● YOUR INSTRUCTIONS:
Where in the entries below does "Room" appear? Copy every line that has it.

RECORDS SHOWN Start Marker

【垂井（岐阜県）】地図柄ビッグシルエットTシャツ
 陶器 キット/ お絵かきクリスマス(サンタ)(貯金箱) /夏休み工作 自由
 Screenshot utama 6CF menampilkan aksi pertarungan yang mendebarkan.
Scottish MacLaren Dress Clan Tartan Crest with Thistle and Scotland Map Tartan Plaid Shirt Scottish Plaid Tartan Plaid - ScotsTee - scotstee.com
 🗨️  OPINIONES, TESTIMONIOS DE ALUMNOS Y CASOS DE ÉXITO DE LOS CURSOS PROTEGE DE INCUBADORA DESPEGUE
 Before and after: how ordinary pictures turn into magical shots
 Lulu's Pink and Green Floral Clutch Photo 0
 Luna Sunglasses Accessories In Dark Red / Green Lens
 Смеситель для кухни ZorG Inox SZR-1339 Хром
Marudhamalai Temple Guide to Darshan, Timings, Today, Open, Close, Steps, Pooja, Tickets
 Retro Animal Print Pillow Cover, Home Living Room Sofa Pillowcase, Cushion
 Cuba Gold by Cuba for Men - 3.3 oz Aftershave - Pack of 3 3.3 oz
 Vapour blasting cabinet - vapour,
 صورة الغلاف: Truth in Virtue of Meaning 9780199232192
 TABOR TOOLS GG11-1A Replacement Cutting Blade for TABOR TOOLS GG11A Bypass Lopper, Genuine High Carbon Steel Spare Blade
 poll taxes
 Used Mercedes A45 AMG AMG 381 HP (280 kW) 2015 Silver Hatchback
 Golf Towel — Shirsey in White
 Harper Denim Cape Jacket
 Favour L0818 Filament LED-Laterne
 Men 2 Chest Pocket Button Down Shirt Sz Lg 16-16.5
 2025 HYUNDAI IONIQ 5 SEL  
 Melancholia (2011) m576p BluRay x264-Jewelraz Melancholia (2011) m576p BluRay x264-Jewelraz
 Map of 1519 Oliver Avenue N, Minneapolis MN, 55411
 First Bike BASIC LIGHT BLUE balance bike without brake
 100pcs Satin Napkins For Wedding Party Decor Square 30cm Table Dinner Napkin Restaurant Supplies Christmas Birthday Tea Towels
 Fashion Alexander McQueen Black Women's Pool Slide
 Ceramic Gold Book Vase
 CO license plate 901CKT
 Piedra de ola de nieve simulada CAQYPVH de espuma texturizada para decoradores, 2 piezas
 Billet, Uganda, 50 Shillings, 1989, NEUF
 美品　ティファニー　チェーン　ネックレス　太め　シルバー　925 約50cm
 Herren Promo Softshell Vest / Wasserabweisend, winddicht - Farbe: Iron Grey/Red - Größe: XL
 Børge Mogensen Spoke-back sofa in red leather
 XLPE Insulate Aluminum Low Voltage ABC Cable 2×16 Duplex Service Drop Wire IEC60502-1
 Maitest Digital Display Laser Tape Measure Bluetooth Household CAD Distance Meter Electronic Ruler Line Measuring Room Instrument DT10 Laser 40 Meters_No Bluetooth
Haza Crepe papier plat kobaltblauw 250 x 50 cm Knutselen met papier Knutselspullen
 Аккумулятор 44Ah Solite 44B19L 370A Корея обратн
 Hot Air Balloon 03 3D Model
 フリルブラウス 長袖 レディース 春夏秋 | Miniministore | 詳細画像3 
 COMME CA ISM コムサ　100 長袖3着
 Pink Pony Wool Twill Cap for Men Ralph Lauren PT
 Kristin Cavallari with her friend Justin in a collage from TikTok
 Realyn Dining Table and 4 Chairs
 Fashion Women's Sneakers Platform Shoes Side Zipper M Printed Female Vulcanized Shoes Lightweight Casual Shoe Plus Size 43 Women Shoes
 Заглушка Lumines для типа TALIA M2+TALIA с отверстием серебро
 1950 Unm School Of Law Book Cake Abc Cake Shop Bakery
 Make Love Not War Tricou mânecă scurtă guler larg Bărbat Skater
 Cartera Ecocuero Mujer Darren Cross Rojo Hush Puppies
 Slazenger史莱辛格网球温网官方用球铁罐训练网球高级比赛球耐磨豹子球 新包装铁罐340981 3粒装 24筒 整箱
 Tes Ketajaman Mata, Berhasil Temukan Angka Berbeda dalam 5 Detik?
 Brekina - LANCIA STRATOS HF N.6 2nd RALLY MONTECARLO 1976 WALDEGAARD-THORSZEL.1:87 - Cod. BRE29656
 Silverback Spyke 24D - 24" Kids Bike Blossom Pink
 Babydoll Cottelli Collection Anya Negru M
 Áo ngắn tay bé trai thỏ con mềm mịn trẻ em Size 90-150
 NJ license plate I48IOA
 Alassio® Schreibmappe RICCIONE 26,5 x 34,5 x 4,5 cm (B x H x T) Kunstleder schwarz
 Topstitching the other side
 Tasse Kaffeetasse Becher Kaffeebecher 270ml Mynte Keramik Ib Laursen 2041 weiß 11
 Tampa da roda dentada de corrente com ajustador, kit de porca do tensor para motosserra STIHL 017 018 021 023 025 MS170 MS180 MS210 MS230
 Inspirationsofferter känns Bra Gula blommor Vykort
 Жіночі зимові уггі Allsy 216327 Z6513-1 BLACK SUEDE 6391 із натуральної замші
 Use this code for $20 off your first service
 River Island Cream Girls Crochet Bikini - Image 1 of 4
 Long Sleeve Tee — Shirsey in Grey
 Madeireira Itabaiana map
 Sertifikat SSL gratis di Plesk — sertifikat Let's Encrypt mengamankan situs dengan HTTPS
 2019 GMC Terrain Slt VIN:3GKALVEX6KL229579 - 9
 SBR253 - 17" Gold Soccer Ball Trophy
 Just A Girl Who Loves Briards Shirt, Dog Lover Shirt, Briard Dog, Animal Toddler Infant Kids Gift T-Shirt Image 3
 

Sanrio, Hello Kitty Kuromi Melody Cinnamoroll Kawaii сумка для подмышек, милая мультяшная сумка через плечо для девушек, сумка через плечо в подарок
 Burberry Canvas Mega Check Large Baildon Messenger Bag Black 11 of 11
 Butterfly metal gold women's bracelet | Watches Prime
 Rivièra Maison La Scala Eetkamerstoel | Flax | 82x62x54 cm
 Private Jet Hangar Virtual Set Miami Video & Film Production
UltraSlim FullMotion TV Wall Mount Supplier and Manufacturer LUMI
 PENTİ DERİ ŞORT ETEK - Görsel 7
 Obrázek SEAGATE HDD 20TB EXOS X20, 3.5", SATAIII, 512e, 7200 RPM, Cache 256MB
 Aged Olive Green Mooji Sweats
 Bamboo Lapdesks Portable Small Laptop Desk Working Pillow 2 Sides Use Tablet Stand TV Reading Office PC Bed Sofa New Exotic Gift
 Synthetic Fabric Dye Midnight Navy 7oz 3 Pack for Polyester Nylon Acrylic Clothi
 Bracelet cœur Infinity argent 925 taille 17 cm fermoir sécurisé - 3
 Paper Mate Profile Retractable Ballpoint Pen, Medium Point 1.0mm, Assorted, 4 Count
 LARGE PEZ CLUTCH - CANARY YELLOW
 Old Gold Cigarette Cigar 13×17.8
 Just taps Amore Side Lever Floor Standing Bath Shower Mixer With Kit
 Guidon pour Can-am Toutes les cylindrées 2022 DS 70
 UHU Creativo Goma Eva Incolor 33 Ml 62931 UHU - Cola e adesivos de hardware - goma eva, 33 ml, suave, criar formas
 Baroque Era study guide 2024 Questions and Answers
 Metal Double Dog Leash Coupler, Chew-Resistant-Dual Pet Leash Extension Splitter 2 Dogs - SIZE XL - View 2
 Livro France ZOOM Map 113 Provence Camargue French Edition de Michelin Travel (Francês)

RECORDS SHOWN End Marker

● TASK SOLUTION:
 Retro Animal Print Pillow Cover, Home Living Room Sofa Pillowcase, Cushion
 Maitest Digital Display Laser Tape Measure Bluetooth Household CAD Distance Meter Electronic Ruler Line Measuring Room Instrument DT10 Laser 40 Meters_No Bluetooth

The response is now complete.